So You Want to Open a Restaurant?
Simon Binder, Chairman of hospitality accountancy, Paperchase, with 40 years of running restaurants, offers some sound advice to would-be new restaurateurs.
As soon as you make that decision to sink your life savings, or someone else’s life savings for that matter, into a business that only has a 20% chance of success, you are waiting to see which side of the coin comes down in your favour on that random toss. That is the success rate when opening a restaurant, with 80% failing in their first three years.
Will your friends and peers tell you that you’re mad, regardless of the fact that they secretly will want to come for free food and drinks to ‘support you’? Take stock now, before you embark on this venture. When operational, it will feel just like driving an F1 racing car whilst offering a food service, and when things go wrong, it will be at great speed, and when the wheels do come off, as they may, how can you be a survivor? The survivors are not just the nice guys, who love cooking food. The survivors are the strong, the well prepared and the lucky. So, to quote that great film line, ‘Do you feel lucky’?

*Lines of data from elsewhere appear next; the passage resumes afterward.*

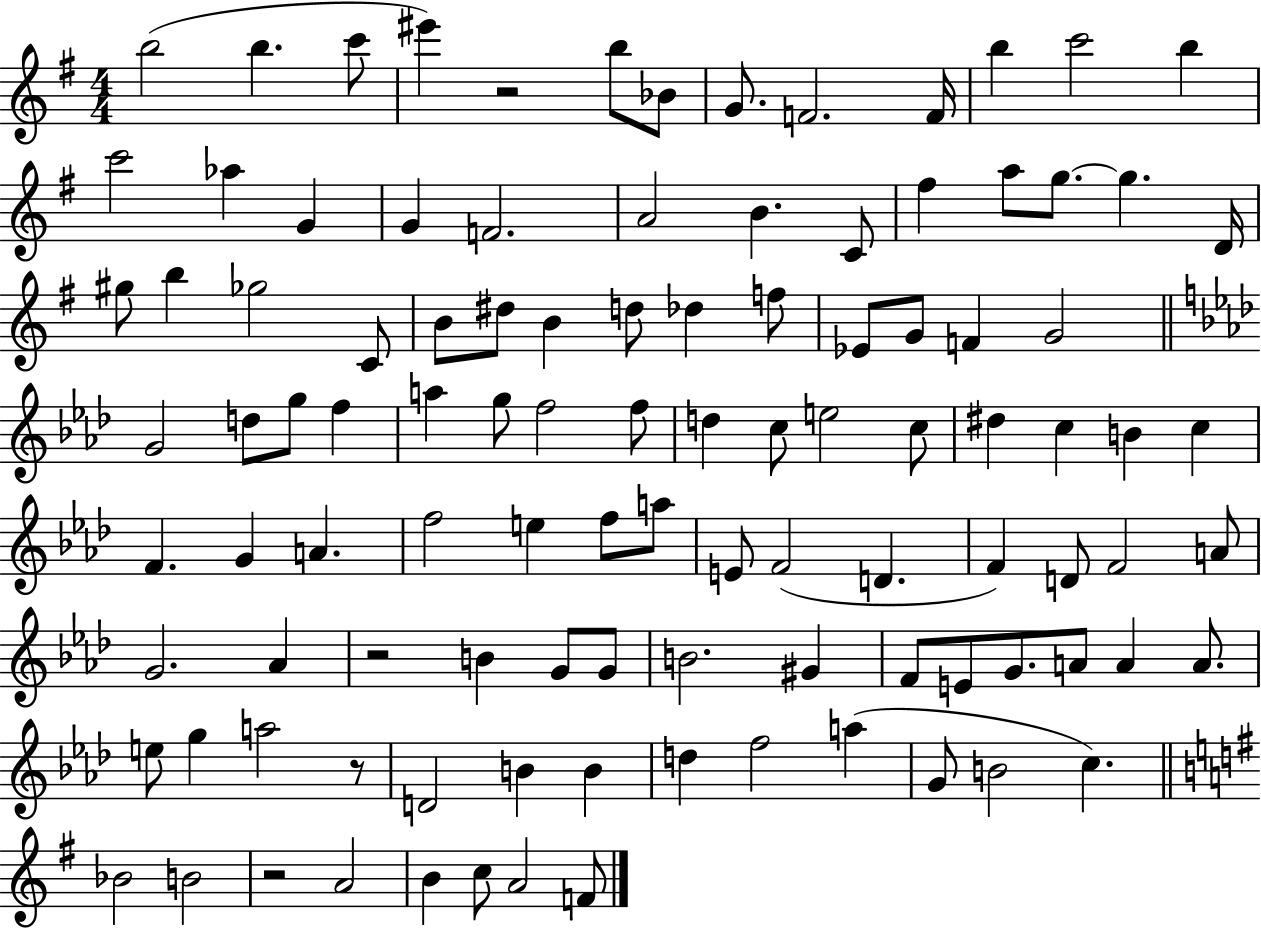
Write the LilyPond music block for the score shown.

{
  \clef treble
  \numericTimeSignature
  \time 4/4
  \key g \major
  b''2( b''4. c'''8 | eis'''4) r2 b''8 bes'8 | g'8. f'2. f'16 | b''4 c'''2 b''4 | \break c'''2 aes''4 g'4 | g'4 f'2. | a'2 b'4. c'8 | fis''4 a''8 g''8.~~ g''4. d'16 | \break gis''8 b''4 ges''2 c'8 | b'8 dis''8 b'4 d''8 des''4 f''8 | ees'8 g'8 f'4 g'2 | \bar "||" \break \key aes \major g'2 d''8 g''8 f''4 | a''4 g''8 f''2 f''8 | d''4 c''8 e''2 c''8 | dis''4 c''4 b'4 c''4 | \break f'4. g'4 a'4. | f''2 e''4 f''8 a''8 | e'8 f'2( d'4. | f'4) d'8 f'2 a'8 | \break g'2. aes'4 | r2 b'4 g'8 g'8 | b'2. gis'4 | f'8 e'8 g'8. a'8 a'4 a'8. | \break e''8 g''4 a''2 r8 | d'2 b'4 b'4 | d''4 f''2 a''4( | g'8 b'2 c''4.) | \break \bar "||" \break \key g \major bes'2 b'2 | r2 a'2 | b'4 c''8 a'2 f'8 | \bar "|."
}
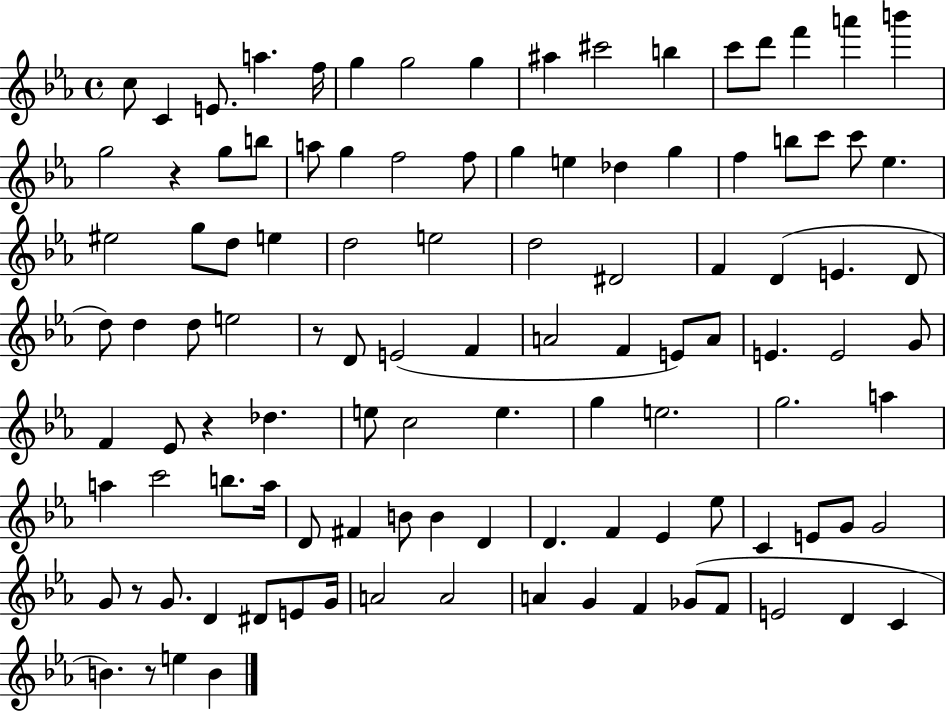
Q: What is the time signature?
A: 4/4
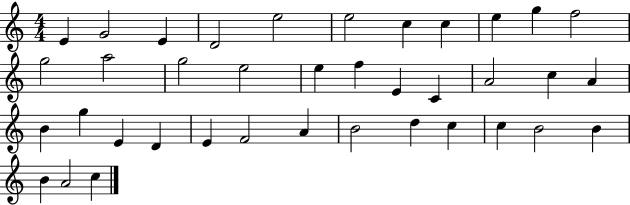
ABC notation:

X:1
T:Untitled
M:4/4
L:1/4
K:C
E G2 E D2 e2 e2 c c e g f2 g2 a2 g2 e2 e f E C A2 c A B g E D E F2 A B2 d c c B2 B B A2 c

Now that is off my chest, if you are still intent on opening a restaurant, how can you mitigate to be one of the 20% and not one of the 80%? You can’t, but what you can do is to try and change the odds and stack them in your favour. During my 40 years in the industry, I have opened and closed many restaurants, and I am prepared to share my six elements to developing a hospitality business. Making it a success is another matter, as you cannot do this alone. You will need help and what I am going to do now is to explain what you need to do, and then you can decide how to proceed.
Paperchase supports its clients throughout these six elements, providing hand-holding at every step of the journey, a thought you may wish to bear in mind.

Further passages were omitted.